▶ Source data
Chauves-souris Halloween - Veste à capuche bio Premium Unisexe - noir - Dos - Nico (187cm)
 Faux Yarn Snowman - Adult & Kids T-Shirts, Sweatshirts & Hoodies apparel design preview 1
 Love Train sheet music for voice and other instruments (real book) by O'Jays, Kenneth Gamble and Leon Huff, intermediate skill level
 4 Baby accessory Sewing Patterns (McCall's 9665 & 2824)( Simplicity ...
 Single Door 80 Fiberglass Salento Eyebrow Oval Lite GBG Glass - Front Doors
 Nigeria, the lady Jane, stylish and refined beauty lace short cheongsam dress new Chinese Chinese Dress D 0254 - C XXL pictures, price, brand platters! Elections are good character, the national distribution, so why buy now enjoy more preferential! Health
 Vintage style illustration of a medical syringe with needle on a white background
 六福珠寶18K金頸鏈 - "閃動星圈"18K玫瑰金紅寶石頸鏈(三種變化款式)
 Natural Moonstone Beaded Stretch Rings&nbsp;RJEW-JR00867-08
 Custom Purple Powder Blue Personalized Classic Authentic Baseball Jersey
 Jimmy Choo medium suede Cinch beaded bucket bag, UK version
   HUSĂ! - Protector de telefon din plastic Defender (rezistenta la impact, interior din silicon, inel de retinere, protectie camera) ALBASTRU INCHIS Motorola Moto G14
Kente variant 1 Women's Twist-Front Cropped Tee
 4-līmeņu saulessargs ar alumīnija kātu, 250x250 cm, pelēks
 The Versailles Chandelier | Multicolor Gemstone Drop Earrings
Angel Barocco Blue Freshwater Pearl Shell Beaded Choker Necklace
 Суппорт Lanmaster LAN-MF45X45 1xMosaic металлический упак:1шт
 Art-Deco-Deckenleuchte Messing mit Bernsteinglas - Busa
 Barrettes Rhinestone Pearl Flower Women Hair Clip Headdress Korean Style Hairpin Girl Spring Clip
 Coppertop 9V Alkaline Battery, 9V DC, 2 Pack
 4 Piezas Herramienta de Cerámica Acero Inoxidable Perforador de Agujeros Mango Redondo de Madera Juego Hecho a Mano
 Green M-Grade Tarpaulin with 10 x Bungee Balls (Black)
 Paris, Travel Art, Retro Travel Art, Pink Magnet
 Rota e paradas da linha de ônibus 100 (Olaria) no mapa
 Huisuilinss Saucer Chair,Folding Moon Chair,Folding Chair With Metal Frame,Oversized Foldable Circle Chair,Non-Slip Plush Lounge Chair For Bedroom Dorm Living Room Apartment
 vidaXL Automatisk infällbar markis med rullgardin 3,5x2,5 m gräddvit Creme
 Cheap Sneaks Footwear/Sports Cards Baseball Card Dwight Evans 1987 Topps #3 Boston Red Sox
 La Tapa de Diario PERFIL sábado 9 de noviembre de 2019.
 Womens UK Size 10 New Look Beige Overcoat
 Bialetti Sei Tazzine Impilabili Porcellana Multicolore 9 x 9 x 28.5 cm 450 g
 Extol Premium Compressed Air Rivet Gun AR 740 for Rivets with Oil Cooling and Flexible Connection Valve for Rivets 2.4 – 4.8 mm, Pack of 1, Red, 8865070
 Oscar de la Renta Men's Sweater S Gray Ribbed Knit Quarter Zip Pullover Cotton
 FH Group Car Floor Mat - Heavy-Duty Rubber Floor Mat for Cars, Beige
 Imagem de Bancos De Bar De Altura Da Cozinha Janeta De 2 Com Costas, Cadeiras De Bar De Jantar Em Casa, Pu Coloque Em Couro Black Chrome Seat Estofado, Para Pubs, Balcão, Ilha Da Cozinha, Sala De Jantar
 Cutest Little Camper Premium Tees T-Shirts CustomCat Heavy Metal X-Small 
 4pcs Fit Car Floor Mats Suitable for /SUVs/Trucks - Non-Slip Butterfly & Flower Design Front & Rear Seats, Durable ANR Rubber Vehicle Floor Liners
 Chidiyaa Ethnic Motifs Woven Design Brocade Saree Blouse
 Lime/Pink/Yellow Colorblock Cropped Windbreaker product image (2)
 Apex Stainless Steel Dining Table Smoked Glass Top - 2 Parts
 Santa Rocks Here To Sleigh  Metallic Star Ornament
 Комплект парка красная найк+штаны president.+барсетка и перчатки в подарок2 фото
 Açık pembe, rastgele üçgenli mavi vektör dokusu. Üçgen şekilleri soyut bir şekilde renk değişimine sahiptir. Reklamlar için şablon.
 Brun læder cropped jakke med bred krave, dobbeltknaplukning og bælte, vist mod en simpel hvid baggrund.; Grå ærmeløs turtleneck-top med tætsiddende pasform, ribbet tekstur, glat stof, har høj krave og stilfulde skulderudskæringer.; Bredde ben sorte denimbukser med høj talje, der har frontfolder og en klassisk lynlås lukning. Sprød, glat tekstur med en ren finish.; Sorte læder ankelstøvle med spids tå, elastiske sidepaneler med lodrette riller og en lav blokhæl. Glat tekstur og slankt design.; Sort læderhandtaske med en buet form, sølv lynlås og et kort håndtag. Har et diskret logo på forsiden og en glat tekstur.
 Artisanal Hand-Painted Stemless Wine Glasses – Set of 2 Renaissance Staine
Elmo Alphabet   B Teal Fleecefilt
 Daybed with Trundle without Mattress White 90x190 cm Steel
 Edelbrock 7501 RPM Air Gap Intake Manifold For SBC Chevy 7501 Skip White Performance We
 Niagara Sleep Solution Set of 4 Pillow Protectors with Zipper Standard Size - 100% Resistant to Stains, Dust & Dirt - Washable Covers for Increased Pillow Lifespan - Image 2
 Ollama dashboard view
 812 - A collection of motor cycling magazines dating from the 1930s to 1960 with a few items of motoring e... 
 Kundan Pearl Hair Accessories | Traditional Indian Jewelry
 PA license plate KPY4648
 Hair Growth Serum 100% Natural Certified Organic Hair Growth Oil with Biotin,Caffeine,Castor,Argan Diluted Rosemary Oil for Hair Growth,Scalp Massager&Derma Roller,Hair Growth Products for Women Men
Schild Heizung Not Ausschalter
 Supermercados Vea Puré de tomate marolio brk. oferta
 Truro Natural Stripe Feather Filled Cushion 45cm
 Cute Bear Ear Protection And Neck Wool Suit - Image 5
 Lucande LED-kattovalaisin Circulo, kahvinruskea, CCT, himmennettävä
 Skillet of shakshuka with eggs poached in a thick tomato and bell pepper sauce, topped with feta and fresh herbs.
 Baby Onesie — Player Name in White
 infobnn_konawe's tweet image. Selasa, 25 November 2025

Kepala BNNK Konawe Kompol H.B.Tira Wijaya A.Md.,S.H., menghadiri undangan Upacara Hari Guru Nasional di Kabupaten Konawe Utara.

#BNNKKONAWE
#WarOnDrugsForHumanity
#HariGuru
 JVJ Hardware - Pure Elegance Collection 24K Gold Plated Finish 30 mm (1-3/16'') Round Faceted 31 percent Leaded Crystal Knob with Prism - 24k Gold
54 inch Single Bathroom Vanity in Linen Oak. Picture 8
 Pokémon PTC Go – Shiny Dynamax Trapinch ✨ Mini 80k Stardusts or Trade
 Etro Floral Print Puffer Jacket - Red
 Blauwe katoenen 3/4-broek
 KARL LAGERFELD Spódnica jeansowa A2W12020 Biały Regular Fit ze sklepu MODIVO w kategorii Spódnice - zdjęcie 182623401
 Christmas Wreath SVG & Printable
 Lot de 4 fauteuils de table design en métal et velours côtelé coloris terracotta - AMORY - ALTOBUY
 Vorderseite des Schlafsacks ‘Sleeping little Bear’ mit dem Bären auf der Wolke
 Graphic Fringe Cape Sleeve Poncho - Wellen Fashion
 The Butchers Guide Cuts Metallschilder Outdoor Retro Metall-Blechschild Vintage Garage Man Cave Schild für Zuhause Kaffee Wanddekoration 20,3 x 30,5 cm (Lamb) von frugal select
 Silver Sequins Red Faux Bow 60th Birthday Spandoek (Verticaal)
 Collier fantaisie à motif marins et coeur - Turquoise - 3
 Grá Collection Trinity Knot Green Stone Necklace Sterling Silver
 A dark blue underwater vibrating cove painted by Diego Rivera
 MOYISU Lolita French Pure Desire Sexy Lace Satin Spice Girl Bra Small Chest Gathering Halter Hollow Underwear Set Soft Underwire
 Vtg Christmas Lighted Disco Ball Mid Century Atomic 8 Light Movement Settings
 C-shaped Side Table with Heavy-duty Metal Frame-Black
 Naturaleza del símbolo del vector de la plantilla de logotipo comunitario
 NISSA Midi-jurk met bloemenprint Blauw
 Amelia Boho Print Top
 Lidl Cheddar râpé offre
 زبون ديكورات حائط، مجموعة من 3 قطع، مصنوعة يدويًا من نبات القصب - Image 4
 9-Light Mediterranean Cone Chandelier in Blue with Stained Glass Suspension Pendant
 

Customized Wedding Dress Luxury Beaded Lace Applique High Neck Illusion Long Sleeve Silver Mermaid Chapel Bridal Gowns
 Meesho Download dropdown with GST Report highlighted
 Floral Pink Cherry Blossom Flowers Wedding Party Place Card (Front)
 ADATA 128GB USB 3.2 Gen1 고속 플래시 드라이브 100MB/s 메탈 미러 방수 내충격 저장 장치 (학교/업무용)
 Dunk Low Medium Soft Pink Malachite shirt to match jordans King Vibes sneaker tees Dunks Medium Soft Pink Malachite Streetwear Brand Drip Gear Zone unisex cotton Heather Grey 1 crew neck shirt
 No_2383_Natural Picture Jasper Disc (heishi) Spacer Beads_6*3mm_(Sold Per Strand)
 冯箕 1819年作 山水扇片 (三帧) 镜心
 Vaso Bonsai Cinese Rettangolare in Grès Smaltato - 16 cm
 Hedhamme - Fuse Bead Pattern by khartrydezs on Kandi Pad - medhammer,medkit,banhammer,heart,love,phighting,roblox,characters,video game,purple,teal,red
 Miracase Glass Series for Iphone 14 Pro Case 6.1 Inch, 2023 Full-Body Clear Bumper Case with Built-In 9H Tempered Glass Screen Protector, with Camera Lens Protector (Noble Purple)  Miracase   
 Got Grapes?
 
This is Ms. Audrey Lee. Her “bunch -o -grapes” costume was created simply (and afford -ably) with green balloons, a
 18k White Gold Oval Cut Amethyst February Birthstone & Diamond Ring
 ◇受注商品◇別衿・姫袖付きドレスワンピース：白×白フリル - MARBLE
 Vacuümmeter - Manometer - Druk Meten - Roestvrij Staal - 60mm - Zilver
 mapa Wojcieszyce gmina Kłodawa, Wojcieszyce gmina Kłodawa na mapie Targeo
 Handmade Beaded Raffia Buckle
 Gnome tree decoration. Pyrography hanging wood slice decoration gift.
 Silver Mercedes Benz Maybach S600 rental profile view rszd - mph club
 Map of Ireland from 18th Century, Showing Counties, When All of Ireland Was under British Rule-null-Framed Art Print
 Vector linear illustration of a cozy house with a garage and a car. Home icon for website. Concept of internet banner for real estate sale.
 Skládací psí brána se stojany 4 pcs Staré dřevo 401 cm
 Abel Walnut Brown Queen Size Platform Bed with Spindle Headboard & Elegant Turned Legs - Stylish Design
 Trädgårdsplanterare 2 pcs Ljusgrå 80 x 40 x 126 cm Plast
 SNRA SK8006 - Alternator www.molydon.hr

▶ Work task
Reproduce exactly the entries above, limited to the lines from the one with "Daybed with Trundle" through the one with "Edelbrock 7501 RPM", both included.

▶ Answer to this problem
 Daybed with Trundle without Mattress White 90x190 cm Steel
 Edelbrock 7501 RPM Air Gap Intake Manifold For SBC Chevy 7501 Skip White Performance We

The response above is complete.